Or the ACU may have been in a "connected" state, in which
case your message will be transmitted down the line, to be
interpreted by whatever the ACU was connected to by the most
recent user.  (This recursive case is really fun!:-)

The last point is crucial:  In many cases, you don't know
who is responding to your message.  You are dealing with 
chains of boxes, each of which may respond to your message
and/or pass it on to the next box.  Each box has a different
behaviour repertoire, and even worse, each has a different
syntax.  Furthermore, at any time, for whatever reason
(such as power glitches or commands from other sources),
any box may reset its internal state to any other state.
You can be talking to the 3rd box in a chain, and suddenly
the 2nd breaks in and responds to a message not intended
for it.

The best way of handling such complexity is via an explicit 
state table that says what was last sent down the line, what
the response was, what sort of box we seem to be talking to,
and what its internal state seems to be.  The code to use such 
info to elicit a desired behavior rapidly develops into a real 
piece of "expert-systems" code.

So far, there's no real need for C; this is all well within the
powers of Lisp or Smalltalk or Prolog.  So why C?  Well, when
you're writing comm code, you have one extra goodie.  It's very
important that you have precise control over every bit of every
character.  The higher-level languages always seen to want to
"help" by tokenizing the input and putting the output into some
sort of standard format.  This is unacceptable.  

For instance, the messages transmitted often don't have any 
well-defined terminators.  Or, rather, each box has its own
terminator(s), but you don't know beforehand which box will
respond to a given message.  They often require nulls.  It's 
often very important whether you use CR or LF (or both, in
a particular order).  And you have to timeout various inputs,
else your code just hangs forever.  Such things are very awkward,
if not impossible to express in the typical AI languages. 

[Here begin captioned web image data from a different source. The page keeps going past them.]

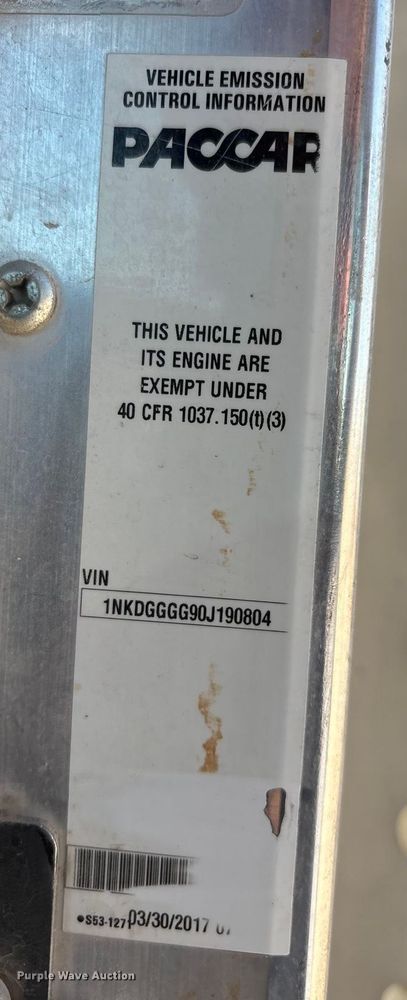 image for item DV6662 2017 Kenworth  glider kit semi truck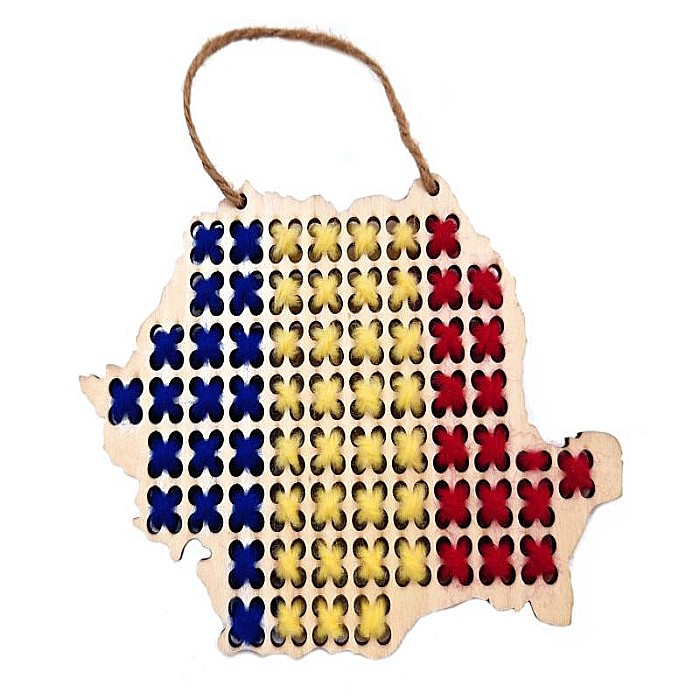 Harta Romaniei din lemn, tricolor, cu gauri pentru cusut - CUS005 [2]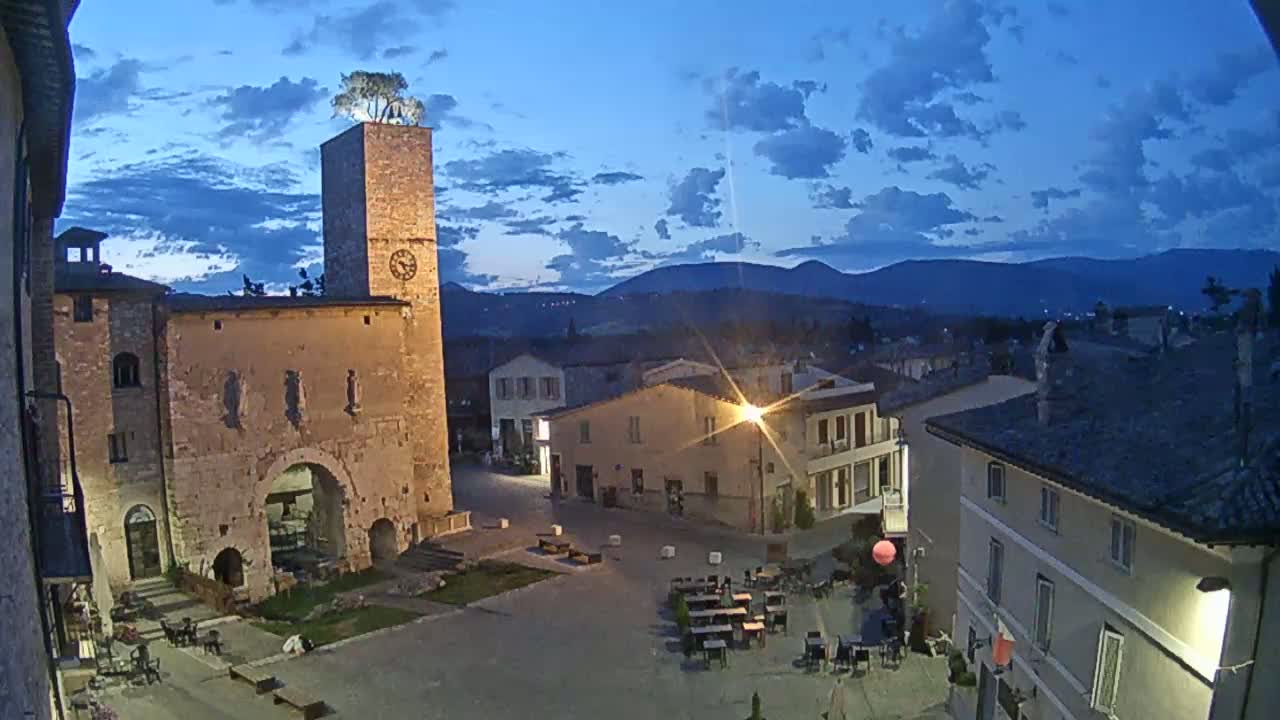 Spello Old City Live Cam - Perugia, Umbria, Italy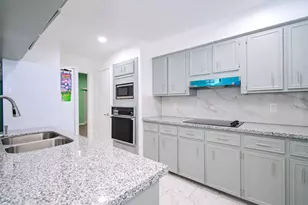8615 Belle Park Dr, Houston, TX 77099 - Photo 24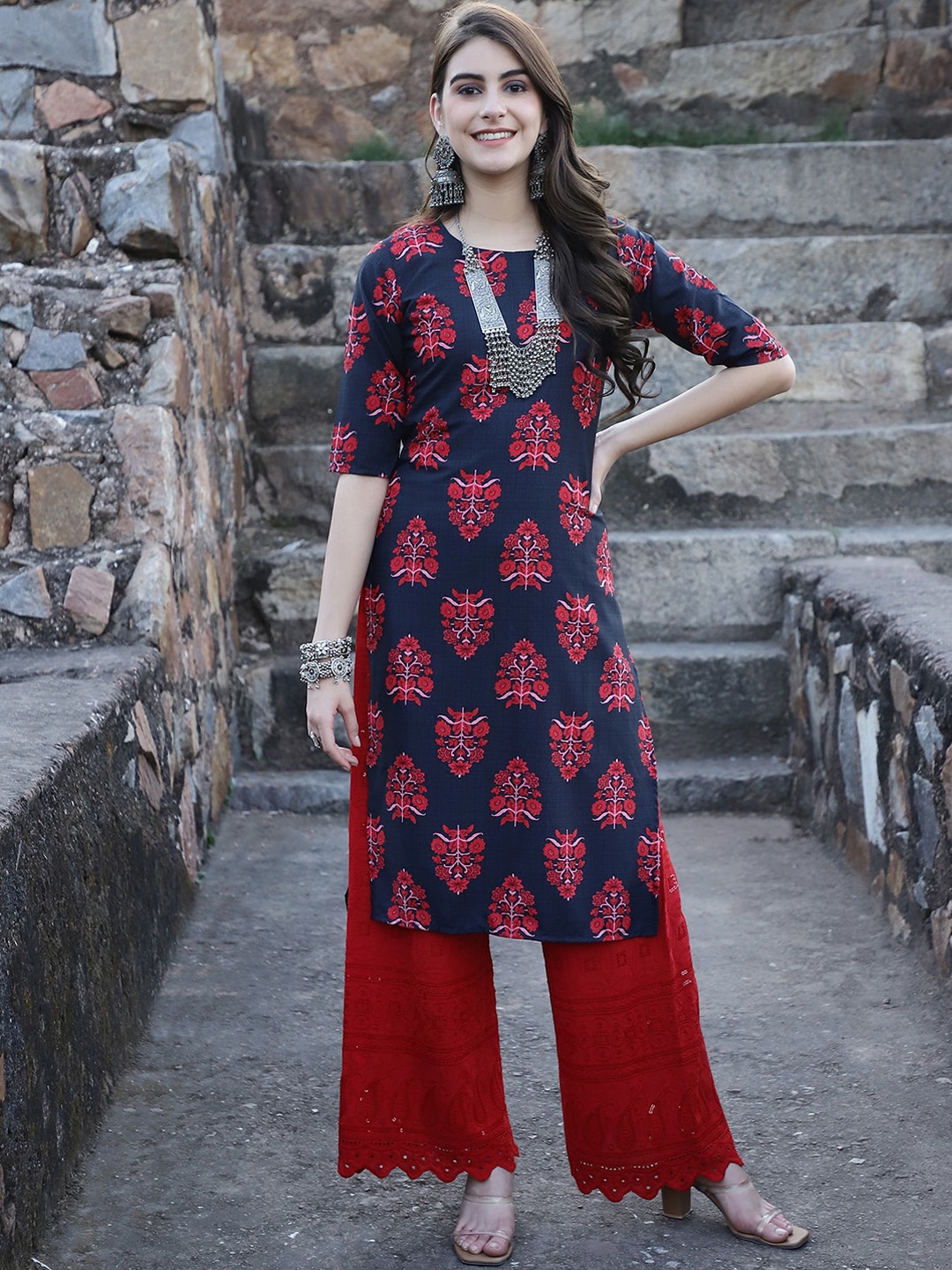 

7Threads Ethnic Motifs Printed Straight Kurta, Red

This isn't to say that C is the world's best AI language; quite
the contrary.  I'd love to get a chance to work on a better one.
(Hint, hint....)  But given the languages available, it seems
to be the best of a bad lot, so I use it.

If you think doing it in C is weird, just wait 'til 
you see it in Ada....

Denber.wbst@XEROX.COM (09/16/86)

	"Such things are very awkward, if not impossible to express in the
typical AI languages"

Well, maybe I've been using an atypical AI language, but Interlisp-D has
all that stuff - byte I/O, streams, timers, whatever.  It's real e-z to
use.  Check it out.

			- Michel